Goal of the exercise
Transcribe only the lines from the one containing "this 739×415 image." through the final line of the entries below, exactly, and exclude the pictures.

Exercise materials: Begin

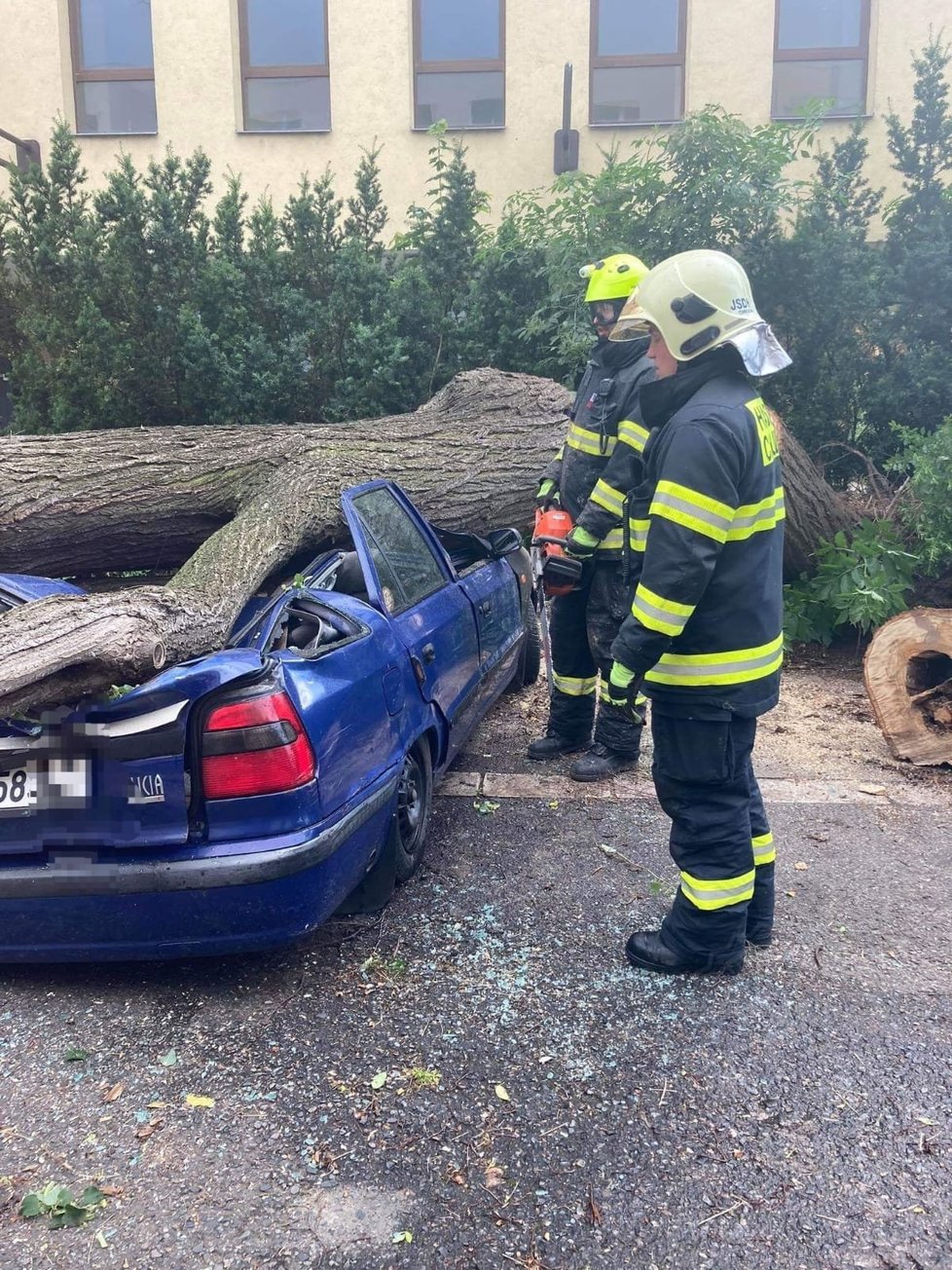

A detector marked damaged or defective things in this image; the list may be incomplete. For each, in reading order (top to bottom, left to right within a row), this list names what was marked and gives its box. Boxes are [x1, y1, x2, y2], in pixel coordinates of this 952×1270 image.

crushed blue car [0, 479, 540, 954]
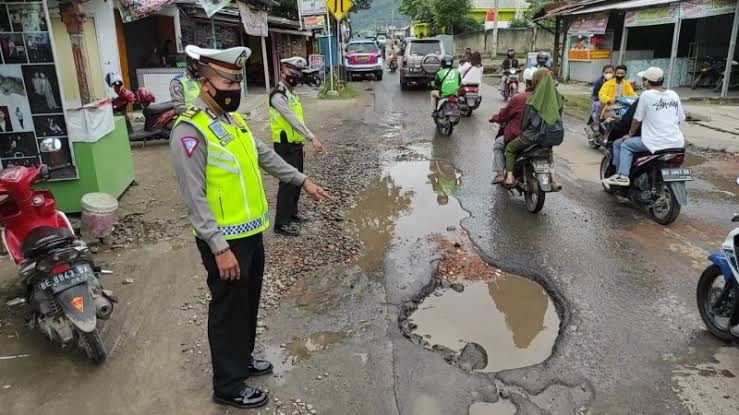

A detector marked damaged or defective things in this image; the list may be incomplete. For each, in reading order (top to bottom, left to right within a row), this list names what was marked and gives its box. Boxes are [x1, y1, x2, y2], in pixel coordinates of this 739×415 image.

large pothole [346, 158, 560, 374]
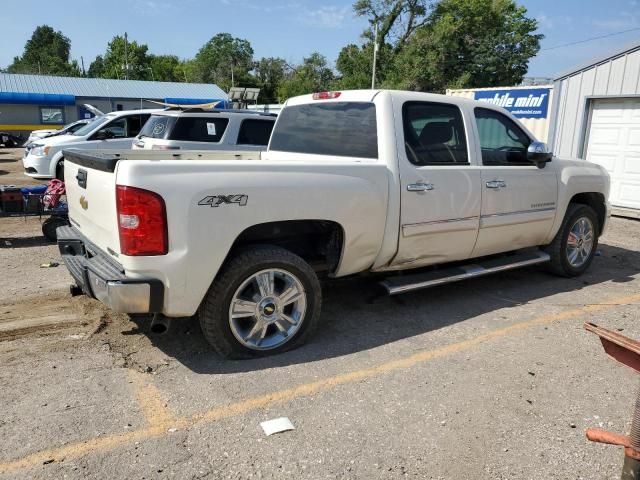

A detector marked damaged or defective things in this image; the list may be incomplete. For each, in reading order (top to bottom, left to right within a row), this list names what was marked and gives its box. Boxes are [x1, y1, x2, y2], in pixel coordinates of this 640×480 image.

rusty metal debris [588, 322, 640, 480]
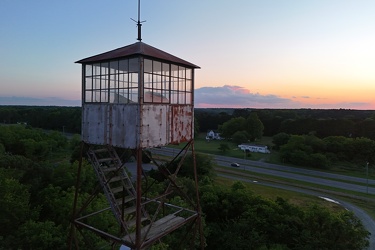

Exercise materials: End

Solution for this task
A detector marked damaged or defective things in this image; the list may be incomplete. For each, in reading order (top to bottom, left to right within a row), this list names what was marked and gives its box. Boxes are [x1, y1, x2, y2], in pixel coordinates of this 739×415 image.

large pothole [346, 158, 560, 374]

A detector marked damaged or defective things in this image; the list may be incomplete. For each, in reading order (top to bottom, left to right within a row), this list names what was marked and gives its box. Boxes are [x1, y1, x2, y2], in pixel coordinates of this 640×480 image.

rusty metal debris [588, 322, 640, 480]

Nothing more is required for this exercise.